После завтрака Гена пошёл разбирать свой большой холодный зал, расчистил место у картины, стал работать над «Коммуналкой». Я решила сегодня поехать домой с ночёвкой, дела накопились. Сказала Гене, что кушать на обед, чем кормить зверей, и ушла.

Домой попала лишь в 8 вечера (была ещё у знакомых Баженовых). Дома долго стирала, убиралась, разбиралась и проч. Думалось о контрастах жизни: в отдельном домике на Таганке и здесь, в квартире огромного дома, где чувствуешь и топот, и шуршанье, и разные звуки соседей вокруг… А ещё – большое видится на расстояньи. Когда Гена всё время рядом, он, его образ теряются в мелочах.

Надо чаще нам расставаться, ездить мне домой сюда, на Ленинградский…

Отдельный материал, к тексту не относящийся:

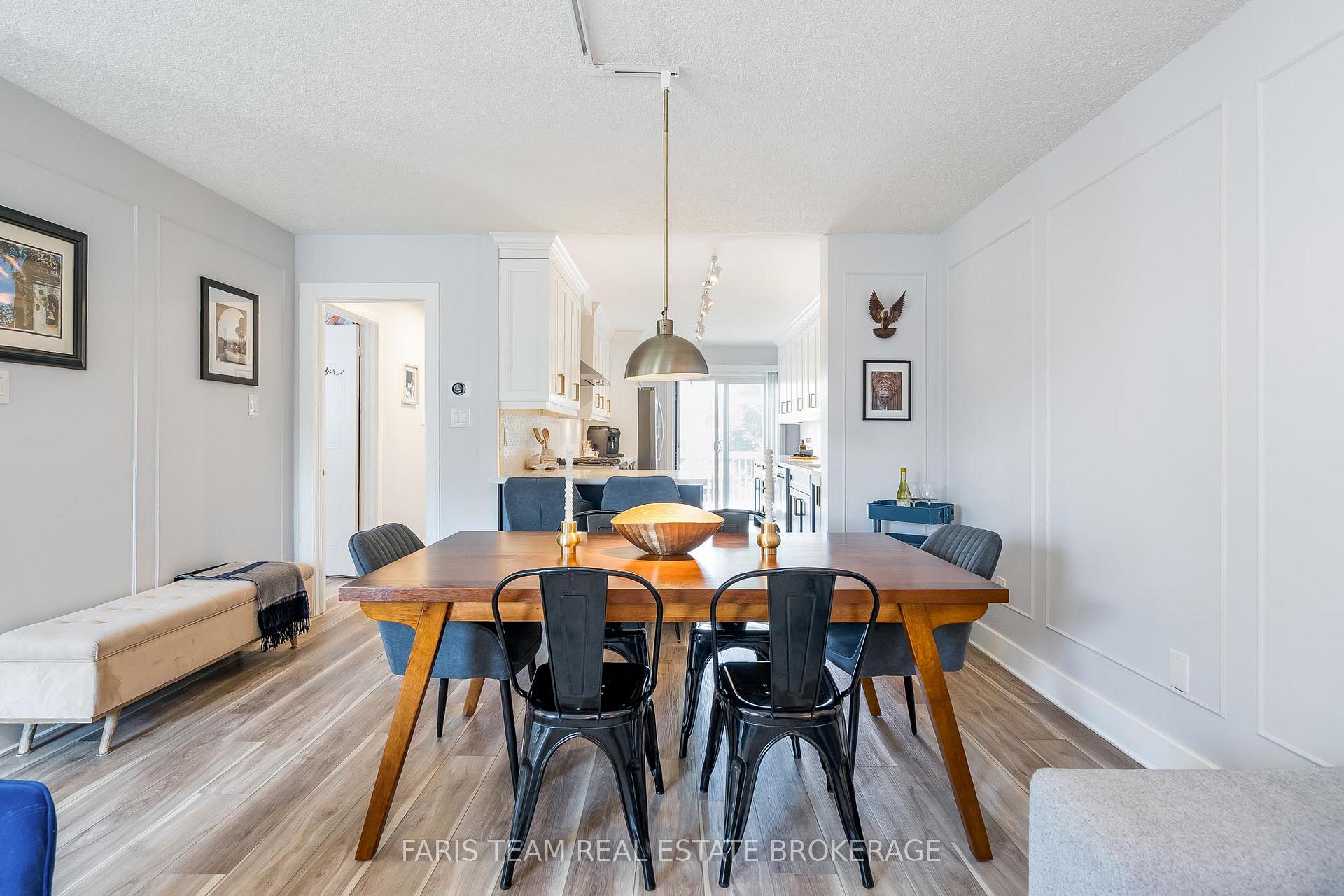 Photo 8 of 16 Athabaska Road, Barrie, Holly — HOMEH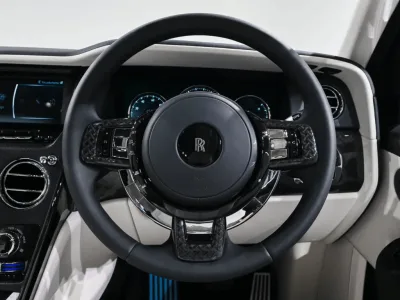2025 ROLLS-ROYCE BLACK BADGE CULLINAN (No.109906) for export from Japan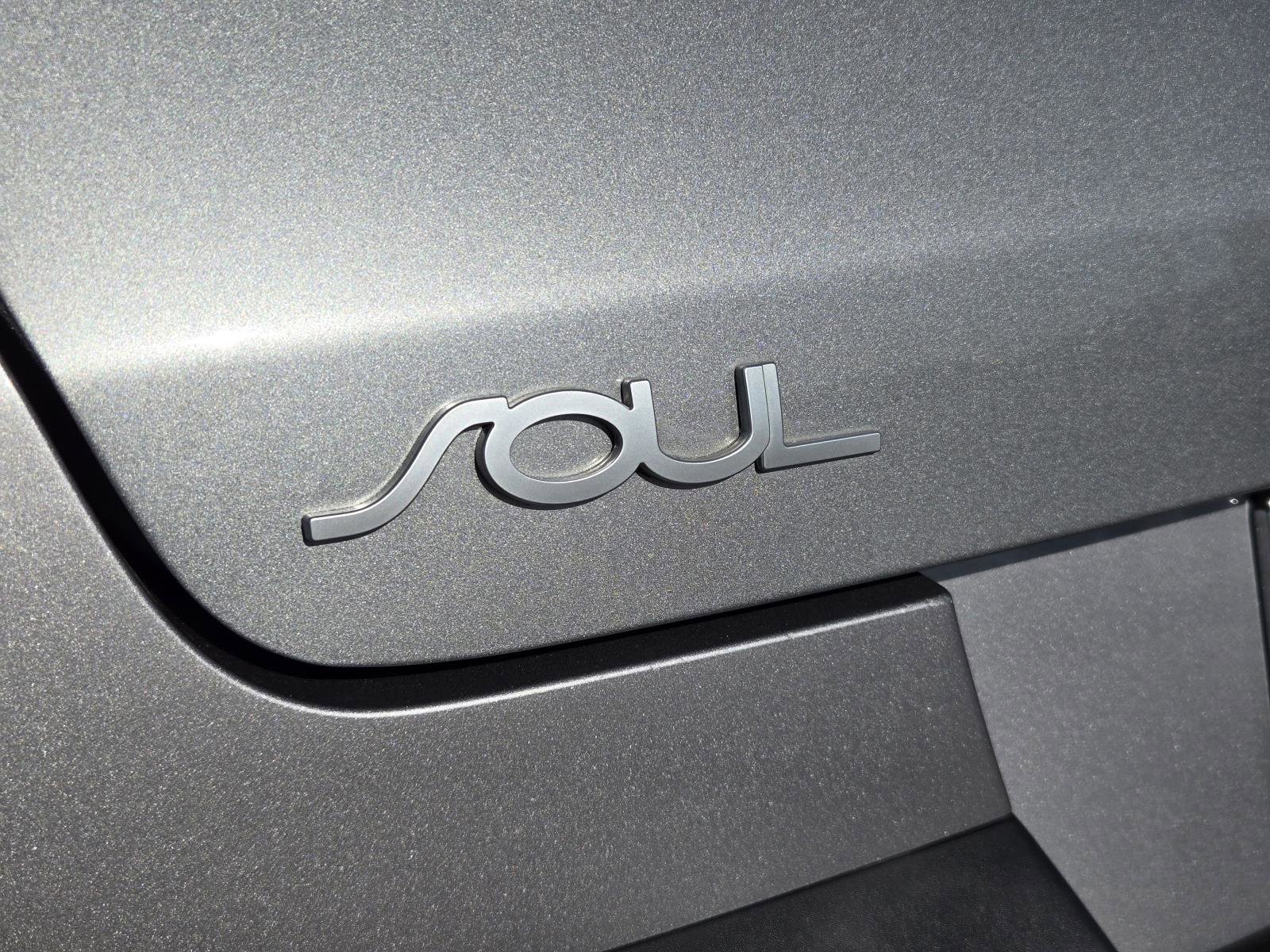 Used 2022 Kia Soul LX w/ Technology Package image 34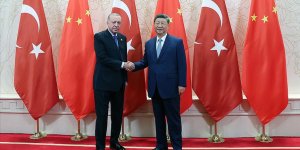 CUMHURBAŞKANI ERDOĞAN, ÇİN DEVLET BAŞKANI Şİ CİNPİNG İLE BİR ARAYA GELDİ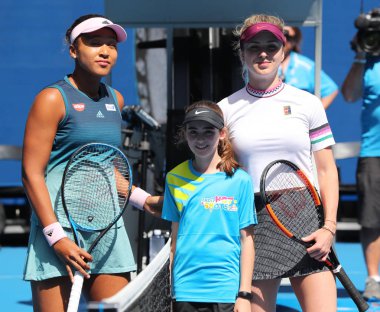 Melbourne, Avustralya - 23 Ocak 2019: Grand Slam şampiyonu Naomi Osaka Japonya (L) ve Elina Svitolina önce 2019 Avustralya Açık Melbourne Park çeyrek final maçında Ukrayna'nın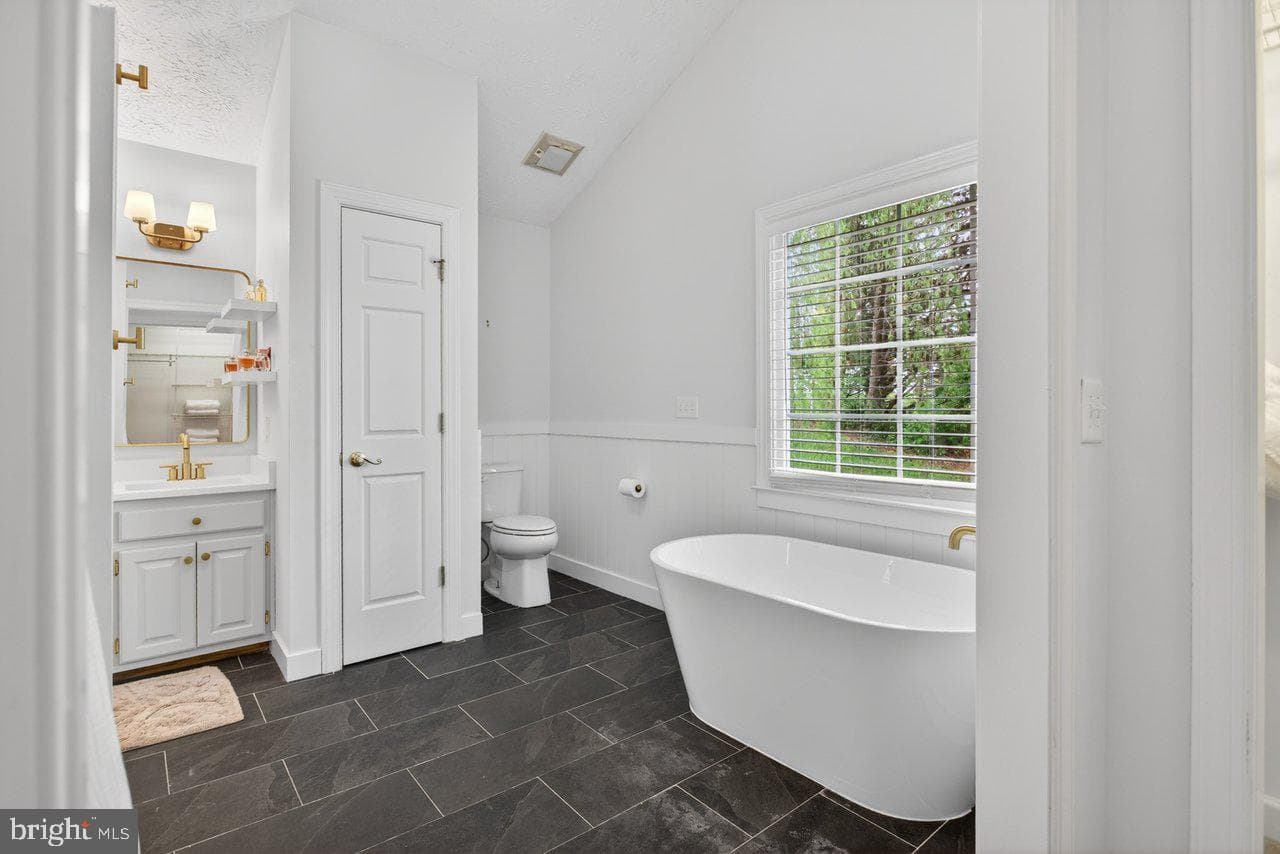 20 Dirby Way photo 38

Вблизи холстов и красок. Дневник жены художника. Январь – июнь 1996 года - i_009.jpg

Гене без меня звонила Лия Шарифжанова от Аллы Александровны Рустайкис (познакомили мы их нечаянно, теперь водой не разольёшь). Сама Алла Александровна стала жаловаться Гене на свою Алёну, что та нажила себе грыжу, завалилась барахлом, как старушка. Гена в ответ: «Ну а я завалился барахлом как старик».

Потом звонил и приходил к Гене Шульпин, принёс своё новогоднее стихотворение-поздравление, там строчки: «Видно, чёртова сила дух твой держит без сна. Есть для счастья Людмила – золотая жена». (Это Гена мне прочёл по телефону в присутствии Шульпина, тот ушёл уже около 12 ночи.)

Я легла поздно и почти до четырёх перечитывала строки у Бердяева, которые отмечала раньше.

21 января. Воскресенье

Ночевала дома, на Ленинградском, встала в 12. По просьбе Гены с диктофоном впервые поехала к родственникам его отца на м. «Планерная» (созвонилась с ними). Там старушка Анастасия Михайловна, двоюродная сестра Михаила Фёдоровича, вспоминала, рассказывала мне кое-что об их общей родне, показала фото старенького дома на 22-м разъезде на Алтае, где прошло её детство. Познакомила с сыном и снохой, хорошие добрые люди, дали банку солёных кабачков, варенья, пригласили на дачу под Шатурой. А на прощанье Анастасия Михайловна на диктофон сказала несколько тёплых слов Михаилу Фёдоровичу, поздравила его с 80-летием.